Robert Percell Ferguson (May 9, 1929 – November 26, 2006), who performed as H-Bomb Ferguson, was an American jump blues singer. He was an early pioneer of the rock and roll style of the mid-1950s, featuring driving rhythm, intensely shouted vocals, honking tenor saxophone solos, and outlandish personal appearance. Ferguson sang and played piano in a flamboyant style, wearing colorful wigs.
Bobby Ferguson was the 11th of twelve children born to Irene and Reverend Alonzo Ferguson. At age six, he began playing piano in his father's store front Baptist church. Deciding that the boy had talent, the Reverend paid for piano lessons for his son, demanding that he stuck to sacred melodies on the 88s. Ferguson had other ideas, recalling "After church was over, while the people was all standing outside talking, me and my friends would run back inside and I'd play the blues on the piano.”
At the age of 19, Ferguson was on the road with Joe Liggins and the Honeydrippers. They moved to New York, where Ferguson branched off on his own, getting a gig at the nightclub Baby Grand Club in Harlem, billed as "The Cobra Kid." A blues shouter, he first recorded as Bob Ferguson in New York in 1950, for Derby Records, whose drummer Jack "The Bear" Parker (according to most sources) gave him the nickname "H-Bomb" and became his manager. His debut was followed by releases on Atlas and Prestige, before he signed a recording contract with Savoy Records in 1951. Several saxophone-driven singles followed, in the style of Wynonie Harris, and "Good Lovin'" was regionally successful though failing to reached the national charts.
Unique as the name was, H-Bomb was pushed to imitate the blues shouter style of Wynonie Harris. They were often paired in billing, with on stage antics of H-Bomb mimicking Wynonie. Though they were closely associated, they were not close, and H-Bomb lobbied to be able to create his own style. About his early recordings, H-Bomb says: "They were going for a big band sound. I always loved the sax. Bass, piano, and four horns were used. And I played with some of the best! Guitar played a minor part. I wasn't playing piano in most of these recordings. At the time, they said my voice came out much better if I stood at the mike and didn't play the piano."
H-Bomb made the circuit of regional clubs, singing and telling jokes in vaudeville tradition. He worked with Ruth Brown, Clarence ""Gatemouth" Brown, Willis "Gatortail" Jackson and Bullmoose Jackson, and did comedy with Redd Foxx. After nine years in New York City, Ferguson moved to Cincinnati in 1957 and signed with King Records. He formed his own band, "H-Bomb Ferguson and his Mad Lads", and quickly became a regional favourite. He was now honing his own style, away from Wynonie Harris, with funky piano. Popular singles on Federal (King's subsidiary) were "Mary, Little Mary" and especially "Midnight Ramblin' Tonight", which has been reissued on many compilations. But these would be his final releases for some 25 years, though he kept travelling and performing throughout the 1960s.

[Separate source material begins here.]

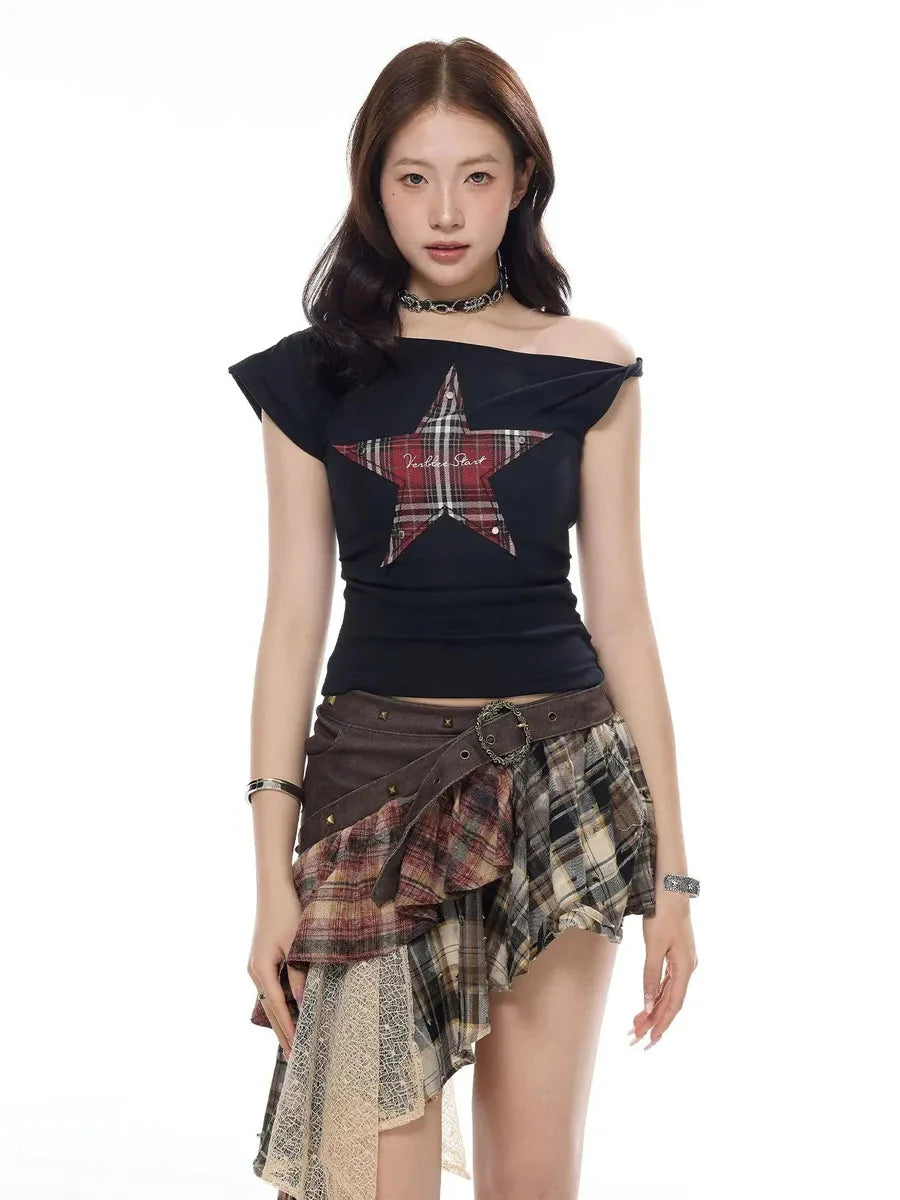 Irregular Plaid Ruffle Skirt L58664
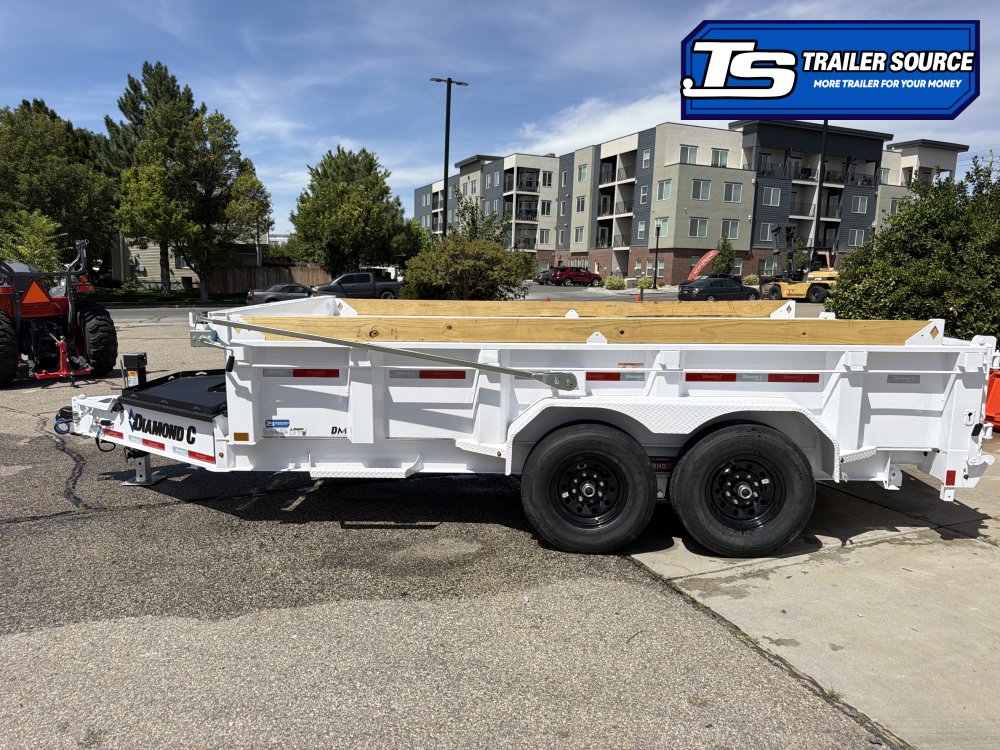 7x14 Diamond C LPT 207 Dump Trailer - 24" Sides - 15.5K GVWR - 14 Ply Tires, 2-Speed Jack, 5 Stage Telescopic, Board Brackets, Long Arm Tarp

After a short retirement in the '70s during which he drove a garbage truck, H-Bomb found that he could not quit the music business, and came out in his now renowned wigs. A new persona with each set! Among his international stellar performances are : Blues Estafette Holland (Utrecht) in 1988 and 1991. He performed two encore performance at '92 Chicago Blues Festival, The British R & B Festival Colne, Lancashire, England 1994, Lugano (Switzerland) Blues To Bop Festival in 1993 and 1994 and Rhythm Riot Festival in Rye, East Sussex (UK) in November 2001. In 2005 he performed at the 4th Ponderosa Stomp.
H-Bomb returned to the recording studio in 1985 for two singles on the Radiation label and backed by his new band, The Medicine Men, waxed his first album in 1993, "Wiggin' Out" for Chicago's Earwig label. It showed him to be as wild as ever. His Savoy recordings were collected on an LP in 1986 ("Life Is Hard", Savoy Jazz SJL 1176). His early work was featured in a compilation album, H-Bomb Ferguson: Big City Blues, 1951-54. A documentary was made of his life, entitled The Life And Times Of H-Bomb Ferguson. He got the Cammy Lifetime Achievement Award March 9, 2003.
H-Bomb became a regular on the blues and R&B festival circuit, keeping Cincinnati as his home base until two weeks prior to his death during 2006 at the Hospice of Cincinnati, of complications from emphysema and cardiopulmonary disease, aged 77.